▶ Exercise
Would you print the data below exactly, leaving out every picture?

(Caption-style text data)
=== Begin Enclosure ===

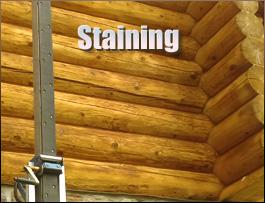  Montezuma, North Carolina Log Home Staining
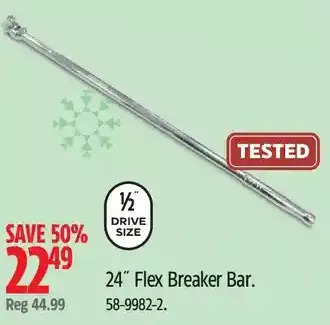 Canadian Tire 24" flex breaker bar offer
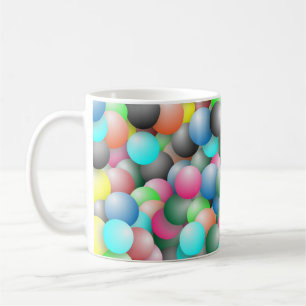 Colorful Balloons Banner Coffee Mug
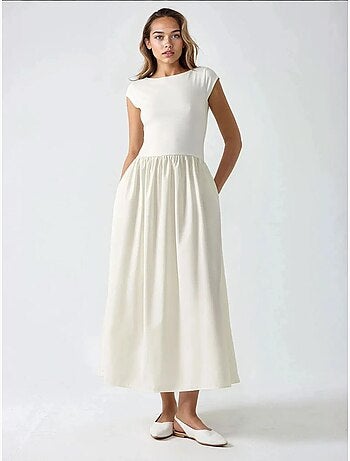 Vestido midi en contraste hiccup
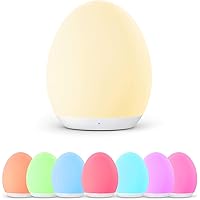 VAVA LED Nachtlicht für Kinder, Nachtlicht Kind USB Wiederaufladbare Silikon Baby Einschlafhilfe, Touch Control, Dimmbar…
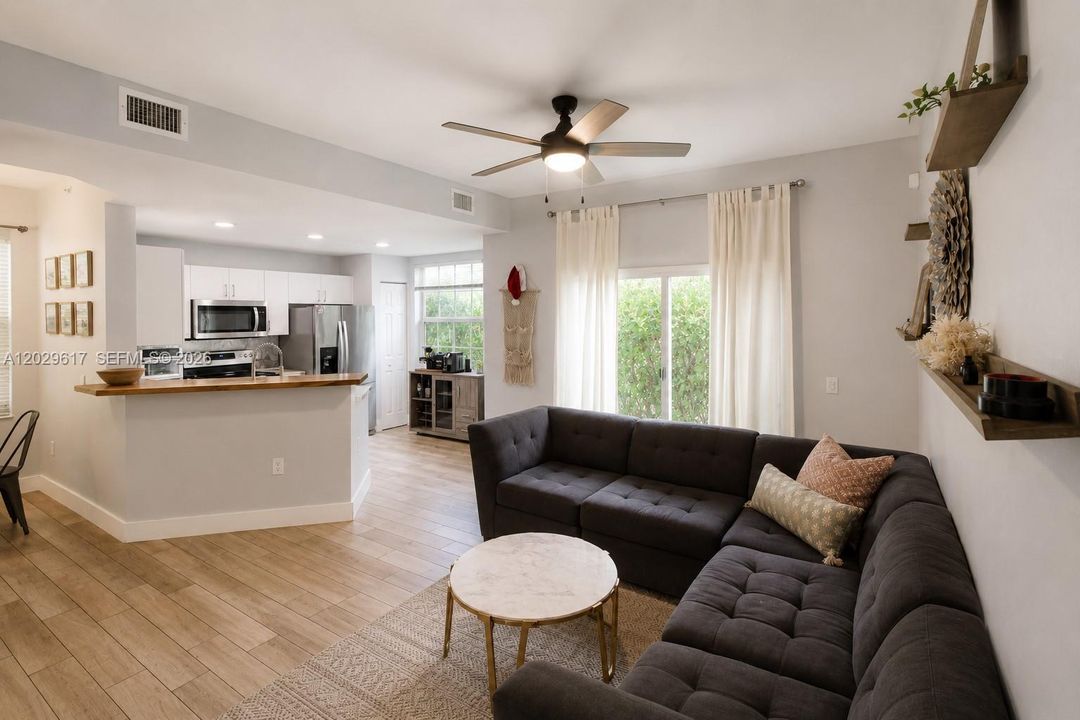 Large living space - may be leased furnished or unfurnished.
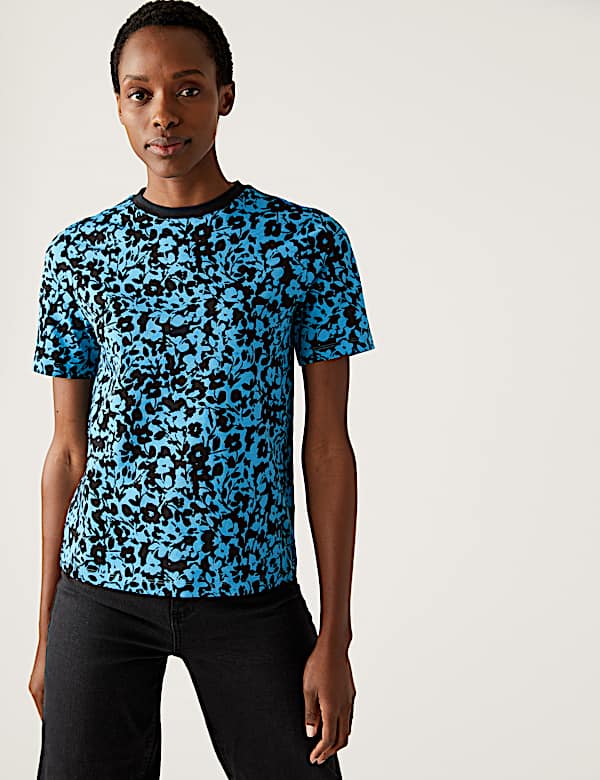 Pure Cotton Printed Everyday Fit T-Shirt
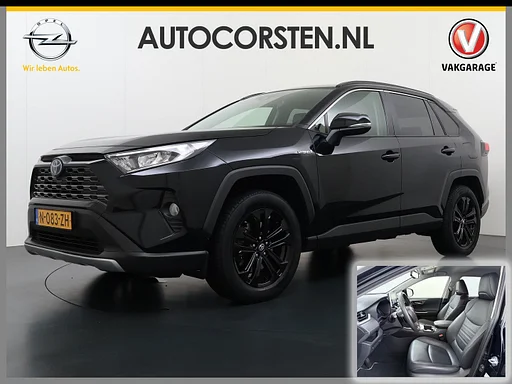 Toyota RAV 4 2.5I 218PK Hybrid AUT. Leder Apple Carplay Android Auto Navi Dual Ecc JBL®-Audio Adap.Cruise camera Business Plus Keyless Elek.Achterklep heated seats Elek.Stoel Lane Assist Wifi Led LMV 18" Regensensor DAB 1er propietario original Nederlandse Auto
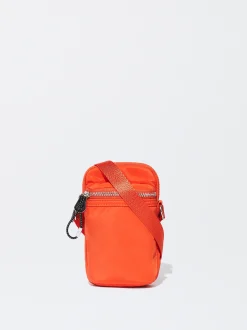 PARFOIS Bolso Para Móvil De Nylon Naranja Shop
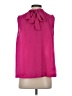 Ann Taylor 100% Polyester Pink Sleeveless Blouse Size S - photo 2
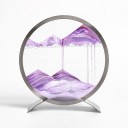 Grand tableau de sable mobile 24,8 x 27,8 cm Rond tableau 3D en verre sur support métallique Décoration pour le salon 8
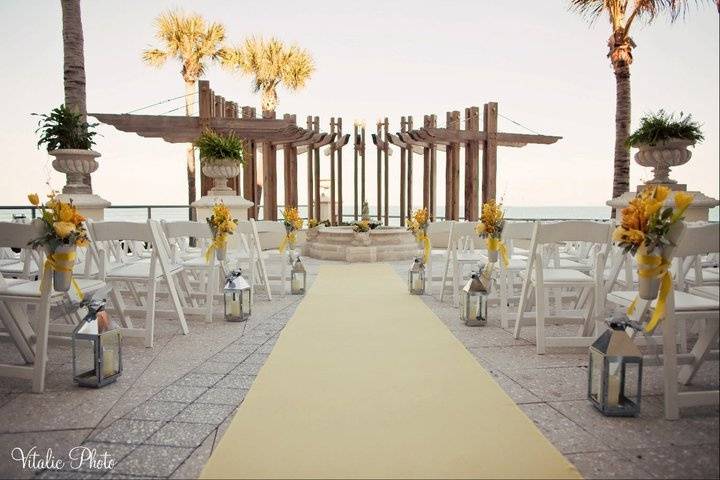 Shoreline Patio Ceremony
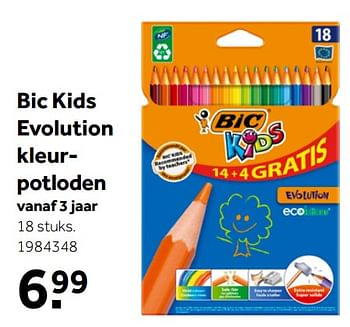 Aanbiedingen Bic kids evolution kleurpotloden - BIC - Geldig van 26/09/2020 tot 06/12/2020 bij Intertoys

=== End Enclosure ===

▶ Task answer
  Montezuma, North Carolina Log Home Staining
 Canadian Tire 24" flex breaker bar offer
 Colorful Balloons Banner Coffee Mug
 Vestido midi en contraste hiccup
 VAVA LED Nachtlicht für Kinder, Nachtlicht Kind USB Wiederaufladbare Silikon Baby Einschlafhilfe, Touch Control, Dimmbar…
 Large living space - may be leased furnished or unfurnished.
 Pure Cotton Printed Everyday Fit T-Shirt
 Toyota RAV 4 2.5I 218PK Hybrid AUT. Leder Apple Carplay Android Auto Navi Dual Ecc JBL®-Audio Adap.Cruise camera Business Plus Keyless Elek.Achterklep heated seats Elek.Stoel Lane Assist Wifi Led LMV 18" Regensensor DAB 1er propietario original Nederlandse Auto
 PARFOIS Bolso Para Móvil De Nylon Naranja Shop
 Ann Taylor 100% Polyester Pink Sleeveless Blouse Size S - photo 2
 Grand tableau de sable mobile 24,8 x 27,8 cm Rond tableau 3D en verre sur support métallique Décoration pour le salon 8
 Shoreline Patio Ceremony
 Aanbiedingen Bic kids evolution kleurpotloden - BIC - Geldig van 26/09/2020 tot 06/12/2020 bij Intertoys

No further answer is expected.